Telegram Messenger, commonly known as Telegram, is an encrypted, cross-platform, cloud-based messaging application. Telegram was founded in 2013 by the founders of VK and hosts its operational center in Dubai. Telegram data schema consists of channels which users can join to post messages, images, videos or other media. The Open Measures Telegram dataset includes activity from extremist and neo-Nazi groups in the United States and coordinated state-backed disinformation campaigns throughout Europe and Africa.
TikTok is a social media platform that allows users to create, share, and discover short-form videos. The app was developed by the Chinese tech company ByteDance and was launched in September 2016 under the name Douyin in the Chinese market. It was later released internationally as TikTok in September 2017.
Open Measures focuses its attention on TikTok content that ranges from harassment, online disinformation, white supremacy, and dangerous conspiracies.
Truth Social is an American microblogging social network platform created by Trump Media & Technology Group.
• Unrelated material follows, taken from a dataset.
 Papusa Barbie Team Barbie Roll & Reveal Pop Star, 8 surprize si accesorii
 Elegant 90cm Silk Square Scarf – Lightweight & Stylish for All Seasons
The site bills itself as a “Big Tent” social media platform and alternative to Twitter. It was listed publicly in October 2023 via special purpose acquisition company. The platform has been home to a host of conspiracies ranging from widespread voter fraud to QAnon tributes.
Founded in 2006, Vkontakte (VK) is a Russian social networking site. VK is based out of Saint Petersburg and considered to be the Russian Facebook. It was originally founded by the founders of Telegram and is still one of the most popular websites in Russia. It has light content moderation and loose enforcement on policy-violating content. In 2021, VK’s parent company (VK Group) sold majority ownership to Gazprom, effectively making VK a state-run company.
Wimkin is an American alt-tech social network founded in 2017. It promotes itself as a free speech alternative to traditional social media and the user experience is seen as a combination of Twitter and Facebook. Wimkin was pulled from major app stores in January of 2021 following calls to violence relating to the storm on the Capitol. The platform has since returned and maintains its lax policies on content moderation, describing itself as “100% Uncensored Social Media”.